Akumulasi amonia dapat menurunkan kualitas air dan laju pertumbuhan serta menaikkan konsumsi oksigen dan ekskresi ion amonia. Lebih lanjut, daya racun amonia tergantung pada beberapa parameter, antara lain:

  • Kenaikan pH hingga 9 akan meningkatkan toksisitas yang dapat membunuh udang.
  • Pada salinitas tinggi (hingga 40 ppt), amonia cenderung tidak toksik. Berbeda ketika salinitas rendah (sekitar 15 ppt), toksisitas amonia dapat meningkat.
  • Kenaikan suhu menjadikan fraksi amonia bebas meningkat sehingga toksisitas amonia juga meningkat.
  • Semakin tua usia udang, semakin toleran udang terhadap toksin. Dengan kata lain, udang muda lebih rentan pada efek toksik amonia.

Tindakan yang dapat dilakukan untuk mengontrol keberadaan amonia antara lain: 

  1. Mengganti air jika memungkinkan.
  2. Mengaplikasikan probiotik (terutama kelompok bakteri nitrifikasi).
  3. Menambahkan sumber karbon (misalnya molase) untuk merangsang pertumbuhan bakteri heterotrof.
  4. Menurunkan pH air untuk menurunkan proporsi amonia bebas.
  5. Melakukan aerasi untuk meminimalisir dampak negatif terhadap udang.
  6. Hidrogen sulfida

Hidrogen sulfida (H2S) adalah hasil dari aktivitas bakteri dari materi organik di kondisi anaerob, biasanya di dasar kolam. H2S muncul di dasar kolam yang kekurangan oksigen (anaerobik). Banyak terjadi di dasar kolam air payau daripada air tawar karena kelimpahan ion sulfat. Batas maksimal untuk konsentrasi hidrogen sulfida di tambak udang adalah ≤ 0,01 ppm.

Pengecekan kadar hidrogen sulfida dilakukan dengan cara menguji adanya koloni bakteri pencerna sulfat yang biasanya berwarna hitam. Penyebab adanya hidrogen sulfida adalah:

  • Sinar matahari tidak mencapai dasar kolam.
  • Kondisi anaerob, yaitu ketiadaan oksigen di dasar kolam.
  • Adanya materi organik sehingga terjadi sedimentasi di dasar kolam.

DO yang terlalu rendah akan membantu produksi H2S. Kombinasi pH, oksigen, dan suhu rendah membuat hidrogen sulfida menjadi lebih berbahaya.

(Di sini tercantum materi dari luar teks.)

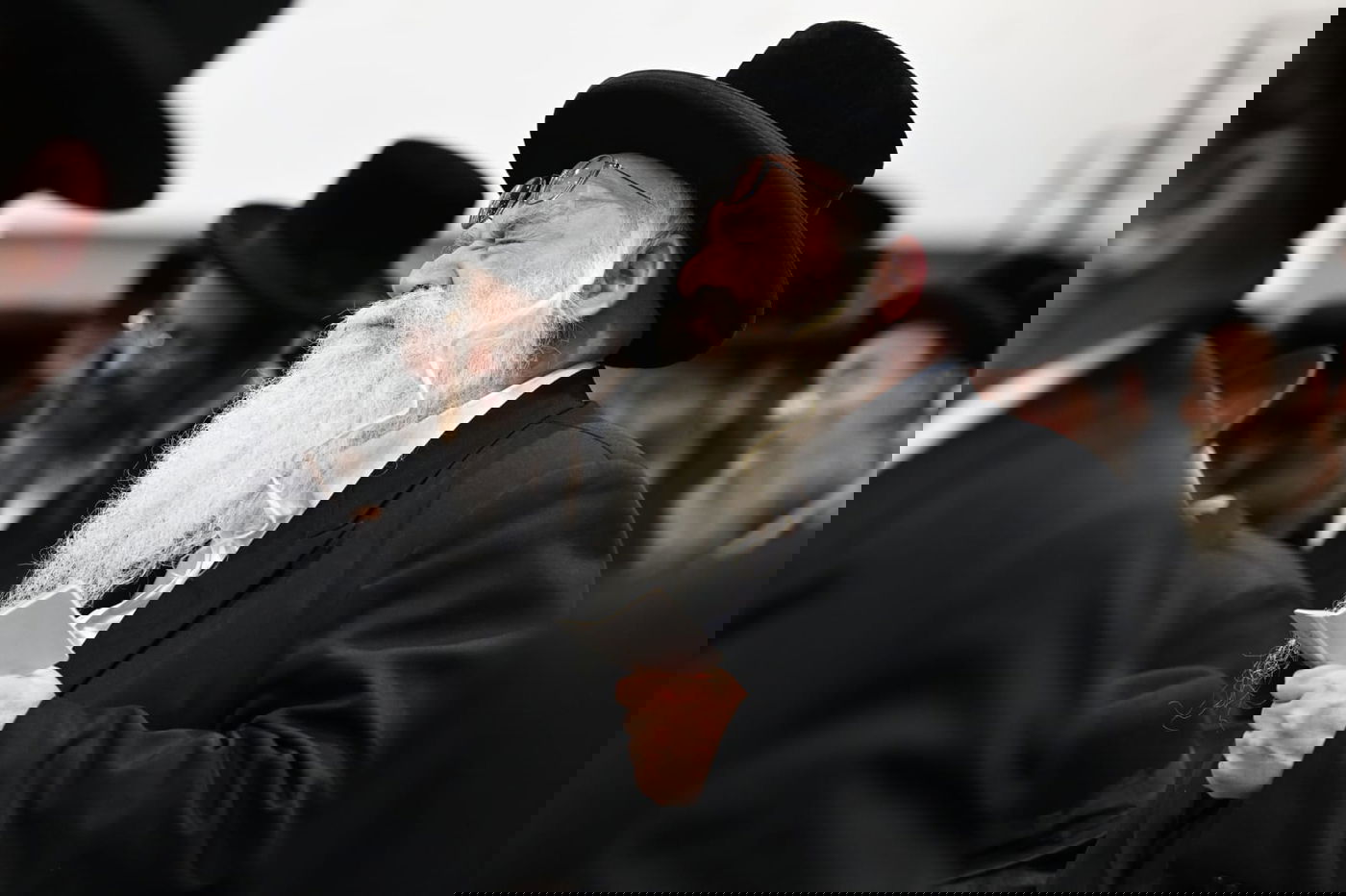 המעמד ההיסטורי בצאנז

Beberapa langkah yang dapat dilakukan untuk meminimalisir H2S di tambak antara lain:

  1. Melakukan aerasi dan sirkulasi yang cukup untuk menghindari daerah yang stagnan (titik mati) dan anaerobik di dasar kolam.
  2. Melakukan pengapuran untuk meningkatkan pH karena pH mempengaruhi toksisitas hidrogen sulfida.
  3. Mengontrol jumlah materi organik karena itu merupakan bahan metabolisme bagi mikroorganisme penghasil H2S. Salah satu cara mengontrolnya adalah dengan menambahkan probiotik sebagai agen pengontrol.

Racun plankton

Toksin dari plankton, terutama dari cyanobacteria atau yang sering dikenal dengan blue-green algae (BGA) dapat menyebabkan kematian pada zooplankton herbivor. Mayoritas racun plankton juga dapat beracun bagi udang terutama pada pencernaannya. Beberapa jenis toksin yang dihasilkan plankton antara lain:

  • Anatoxin-a (Anabaena, Aphanizomenon, Oscillatoria (Planktothrix))
  • Cylindrospermopsin (Aphanizomenon, Cylindrospermopsis, Umezakia)
  • Microcystin (Anabaena, Aphanocapsa, Hapalosiphon, Microcystis, Nostoc, Oscillatoria)
  • Saxitoxin (Anabaena, Aphanizomenon, Cylindrospermopsis, Lyngbya)

Racun dari plankton muncul saat terjadi blooming plankton atau saat kematian massal plankton. Di saat yang sama, blooming plankton menyebabkan rendahnya transparansi air, tidak tersedianya DO di lapisan bawah kolam, dan akumulasi senyawa toksik seperti amonia, nitrit, dan hidrogen sulfida.

Blooming terjadi saat nutrien melimpah yang berasal dari pemberian pakan yang terus-menerus, suhu yang naik, dan intensitas cahaya matahari yang tinggi. Beberapa langkah yang dapat dilakukan jika terjadi blooming plankton terutama dari jenis alga antara lain: 

  1. Menggunakan algicida terutama yang mengandung copper sulfat.
  2. Mengurangi dan memanipulasi input nutrien ke dalam tambak.
  3. Melakukan destratifikasi vertikal, yaitu dengan melakukan pengadukan atau bubbling.
  4. Menaikkan salinitas. Ada banyak jenis cyanobacteria yang tidak toleran dengan salinitas tinggi. Namun, tetap perhatikan kisaran salinitas yang dapat ditolerir oleh udang.